### TASK INSTRUCTIONS
Copy the data exactly as it appears, and do not include any pictures.

### RECORDED DATA

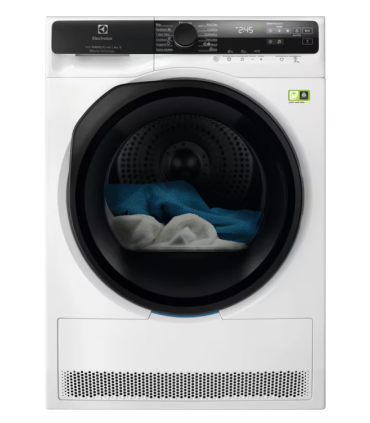Dryer ELECTROLUX EW9D587KC1E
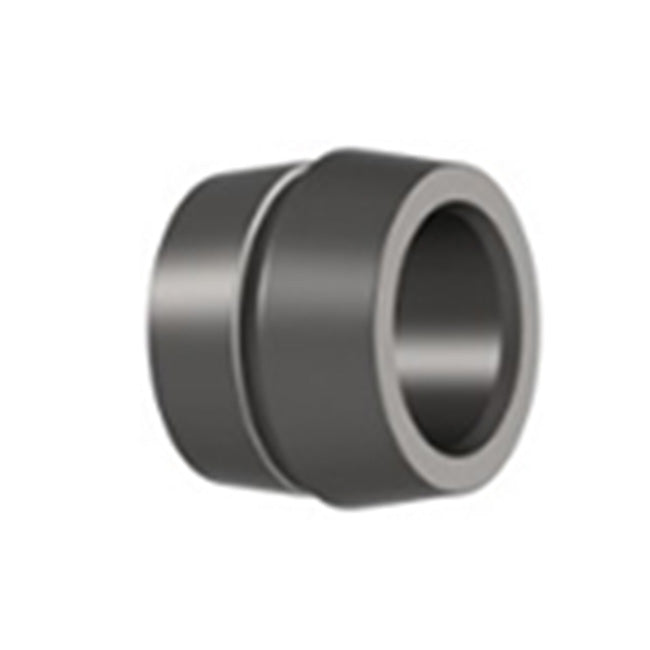 Haweka HW150 280 111: Low Taper Collet #1 - 28mm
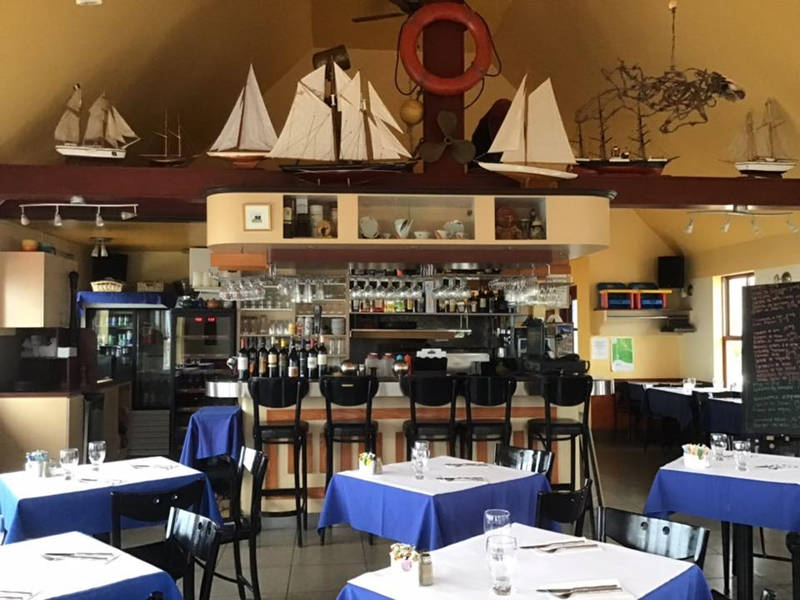 Bistro L’Amuse-Bouche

### RESPONSE AREA
Dryer ELECTROLUX EW9D587KC1E
 Haweka HW150 280 111: Low Taper Collet #1 - 28mm
 Bistro L’Amuse-Bouche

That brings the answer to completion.